Centipedes lack a waxy layer on their exoskeleton and excrete waste nitrogen as ammonia, which necessitates additional water.
Centipedes have a range of adaptations to deal with water loss. Despite having a higher surface area to volume ratio, geophilomorphs lose water more slowly than lithobiomorphs. This could be because geophilomorphs have a pleural membrane that is more highly sclerotized.
The rate of water loss is also influenced by the form, size, and ability of the spiracle to constrict.

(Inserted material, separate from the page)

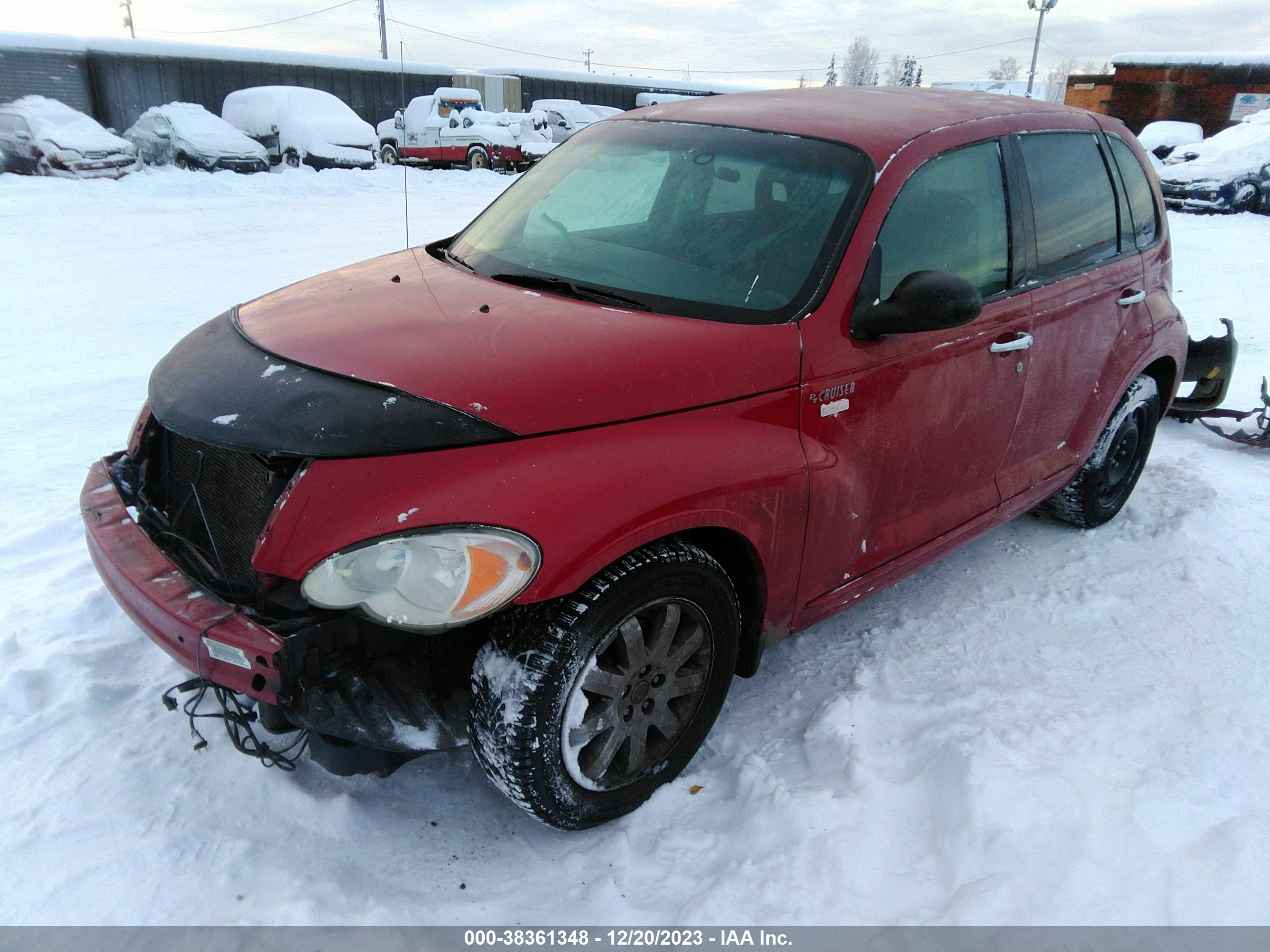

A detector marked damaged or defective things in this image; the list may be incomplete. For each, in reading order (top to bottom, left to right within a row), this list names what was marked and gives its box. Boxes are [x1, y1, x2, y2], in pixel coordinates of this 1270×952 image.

Furthermore, the quantity and size of coxal pores may influence centipede water balance.
Centipedes can be found in a variety of environments, including forests, savannahs, prairies, and deserts.

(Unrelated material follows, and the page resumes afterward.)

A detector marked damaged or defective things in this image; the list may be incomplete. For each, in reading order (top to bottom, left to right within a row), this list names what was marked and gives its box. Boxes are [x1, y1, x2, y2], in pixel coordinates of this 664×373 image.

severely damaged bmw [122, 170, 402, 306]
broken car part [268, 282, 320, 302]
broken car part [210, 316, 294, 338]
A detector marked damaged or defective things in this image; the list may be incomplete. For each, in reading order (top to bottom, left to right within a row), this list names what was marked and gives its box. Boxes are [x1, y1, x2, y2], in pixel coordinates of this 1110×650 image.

Some geophilomorphs have evolved to feed on barnacles in littoral settings.
Except for the Craterostigmomorpha, species from all orders have adapted to caves.
Significance of Centipedes to Humans
Certain huge centipedes are eaten as a culinary item in China, commonly skewered and grilled or deep-fried. They're common in large cities' street vendor booths, like Beijing's Donghuamen and Wangfujing markets.
Large centipedes are also maintained in liquor for a period of time in China, as well as Laos, Thailand, and Cambodia. This practice is said to be part of traditional Chinese medicine. The liquor with the centipede buried in it is taken as a unique drink and is said to have therapeutic and reinvigorating powers.
Because of their bite, some centipede species can be dangerous to humans. A bite to an adult person is usually excruciatingly painful and might result in significant swelling, chills, fever, and weakness, but it is unlikely to be fatal.
Small children and individuals who are allergic to bee stings may be at risk from bites. Larger centipedes poisonous bites can cause anaphylactic shock in these persons. Centipedes with smaller bodies have a harder time piercing human skin.
Centipedes are nocturnal multisegmented elongated arthropods that have a pair of legs for each body segment except the last. The presence of forcipules, the modified initial segment upon which the headrests, distinguishes centipedes from superficially similar organisms. All centipedes are predators, however, they do occasionally eat leaf litter, which may be observed in their intestines. Centipedes are quick runners who actively seek for and capture little prey like collembolans. Centipedes are most frequent in tropical and subtropical areas, though they can be found on all six of the world's inhabited continents.